Padding your checking account is probably the easiest and most painless way to build up a little cushion. Having a cushion can help take away some of your financial stress. It’s also one of the first things you can do to start your debt-free journey. I’ll tell you how to pad your checking account easily.

It’s Like Having a Reserve Tank

It reminds me of my very first vehicle. It was a 1987 Ford F-150. It was single cab and long wheel base with the original sleek black paint job and maroon interior. My parents bought it for me from an elderly gentleman. On humid days, it smelled like pipe tobacco on the inside.

It was gorgeous. I named it Bubba.

At the time, Bubba was 15 and I was 16. We were friends. (Yes, I’m still talking about the truck.)

Me and Bubba

Here’s my point: Bubba had two gas tanks. That means, I always had a cushion. Theoretically, I could never run out of gas as long as I kept my reserve tank full.

There was a little switch on the dash so when tank #1 ran low, I would flip the switch to tank #2 and I would have a full tank again.

The key here was that I was never supposed to let both tanks run dry. I would like to say that I always did what I was supposed to do but I can’t. I still remember my brother and I sitting on the side of a neighborhood road waiting for my church youth group leader to rescue us with a couple gallons of gas in a little red gas can. The girl with TWO gas tanks needed a few gallons to make it to the gas station.

It’s not fun to run dry.
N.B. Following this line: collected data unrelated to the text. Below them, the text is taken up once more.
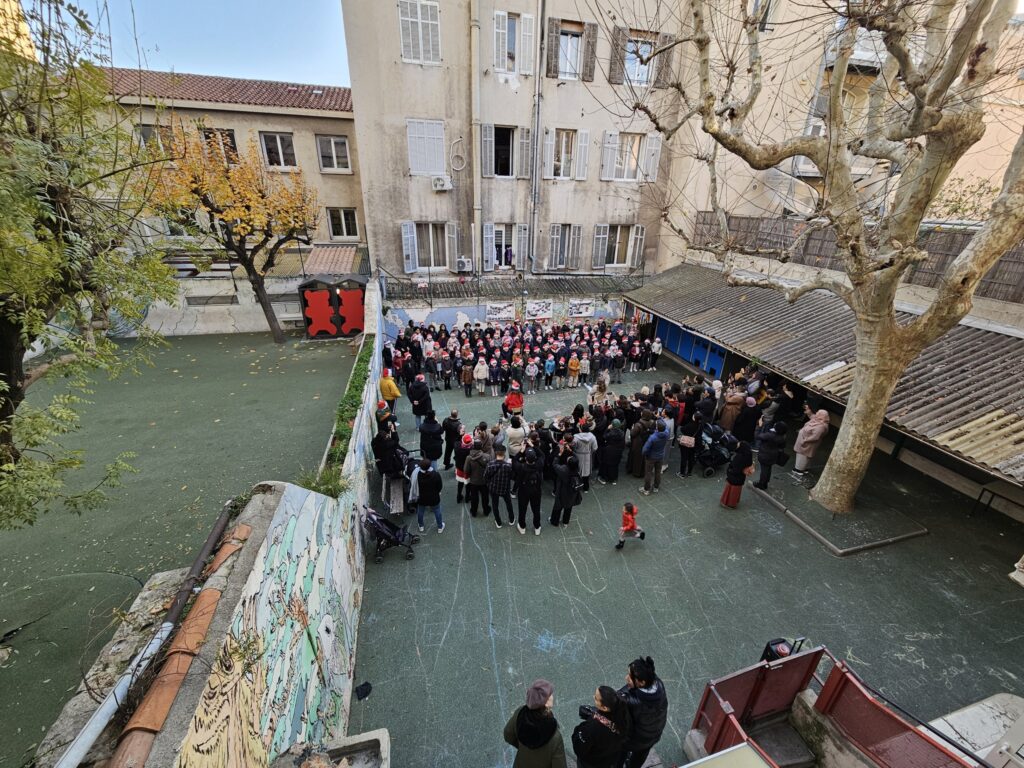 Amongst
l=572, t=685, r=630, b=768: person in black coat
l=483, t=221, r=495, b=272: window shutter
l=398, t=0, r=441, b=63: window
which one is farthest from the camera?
l=483, t=221, r=495, b=272: window shutter

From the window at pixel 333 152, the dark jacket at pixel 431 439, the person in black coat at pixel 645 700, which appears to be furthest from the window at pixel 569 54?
the person in black coat at pixel 645 700

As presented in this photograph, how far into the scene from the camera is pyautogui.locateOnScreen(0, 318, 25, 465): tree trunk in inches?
142

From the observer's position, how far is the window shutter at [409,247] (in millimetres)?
17094

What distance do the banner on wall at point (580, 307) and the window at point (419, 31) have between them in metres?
9.87

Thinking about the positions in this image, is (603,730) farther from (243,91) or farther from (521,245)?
(243,91)

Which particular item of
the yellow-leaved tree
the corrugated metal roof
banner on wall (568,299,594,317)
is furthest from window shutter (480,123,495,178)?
the corrugated metal roof

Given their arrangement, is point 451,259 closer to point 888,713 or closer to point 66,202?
point 66,202

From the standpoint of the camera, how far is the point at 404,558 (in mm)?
7117

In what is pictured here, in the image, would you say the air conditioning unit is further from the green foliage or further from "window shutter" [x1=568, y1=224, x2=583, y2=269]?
the green foliage

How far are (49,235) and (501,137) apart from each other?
54.6 ft

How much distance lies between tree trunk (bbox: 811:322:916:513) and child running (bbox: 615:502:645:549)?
151 inches

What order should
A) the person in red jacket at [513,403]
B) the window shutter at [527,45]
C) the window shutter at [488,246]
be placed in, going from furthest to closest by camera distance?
the window shutter at [488,246] < the window shutter at [527,45] < the person in red jacket at [513,403]

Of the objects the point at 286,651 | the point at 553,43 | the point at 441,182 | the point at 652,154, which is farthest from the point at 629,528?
the point at 553,43

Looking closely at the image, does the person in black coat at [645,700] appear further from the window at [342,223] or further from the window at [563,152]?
the window at [342,223] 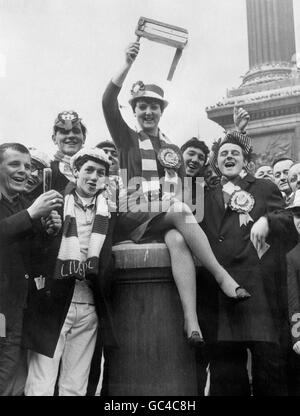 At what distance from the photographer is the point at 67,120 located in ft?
10.5

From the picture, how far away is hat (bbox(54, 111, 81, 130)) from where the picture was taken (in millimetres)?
3189

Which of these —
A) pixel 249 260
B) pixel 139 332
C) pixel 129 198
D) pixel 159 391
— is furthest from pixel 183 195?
pixel 159 391

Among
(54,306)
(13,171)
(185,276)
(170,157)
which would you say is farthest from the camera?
(170,157)

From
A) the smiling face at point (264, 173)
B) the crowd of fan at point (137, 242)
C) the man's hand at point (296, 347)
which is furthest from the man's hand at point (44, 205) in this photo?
the man's hand at point (296, 347)

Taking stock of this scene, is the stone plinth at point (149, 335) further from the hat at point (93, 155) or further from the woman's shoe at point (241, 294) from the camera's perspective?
the hat at point (93, 155)

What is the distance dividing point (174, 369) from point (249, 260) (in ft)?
2.21

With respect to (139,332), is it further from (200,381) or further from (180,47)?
(180,47)

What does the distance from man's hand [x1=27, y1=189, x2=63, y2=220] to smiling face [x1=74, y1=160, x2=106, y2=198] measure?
0.12 meters

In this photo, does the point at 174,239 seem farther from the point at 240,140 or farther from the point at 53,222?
the point at 240,140

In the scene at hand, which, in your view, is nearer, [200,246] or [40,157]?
[200,246]

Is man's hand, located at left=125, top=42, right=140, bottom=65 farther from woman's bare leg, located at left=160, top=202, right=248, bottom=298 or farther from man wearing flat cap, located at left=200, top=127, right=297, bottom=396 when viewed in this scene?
woman's bare leg, located at left=160, top=202, right=248, bottom=298

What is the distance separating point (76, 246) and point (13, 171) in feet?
1.82

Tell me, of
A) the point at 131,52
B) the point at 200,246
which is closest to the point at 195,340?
the point at 200,246

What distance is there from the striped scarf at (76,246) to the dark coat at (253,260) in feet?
1.77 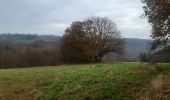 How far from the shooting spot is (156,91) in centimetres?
1747

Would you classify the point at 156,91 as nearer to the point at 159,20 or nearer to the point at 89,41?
the point at 159,20

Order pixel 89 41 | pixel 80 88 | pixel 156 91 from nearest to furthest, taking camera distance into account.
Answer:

Not having a cushion can leave you in scary situations.

Many Americans Are Running on Empty

80% of Americans say they would also benefit from deeper guidance on the steps to take toward making their savings efforts even more impactful.

The survey, conducted by OnePoll on behalf of Chase, showed 40% of adults would have difficulty covering an unexpected expense of just $400.

This echoes the findings of a recent study by the Federal Reserve, which found 40% of the country admits to having $400 or less in their savings accounts.


What Does It Mean to Pad Your Checking Account?

When I was in college, money was always tight so I would “hide” money in my checking account for emergencies. I called it “padding my checking account.”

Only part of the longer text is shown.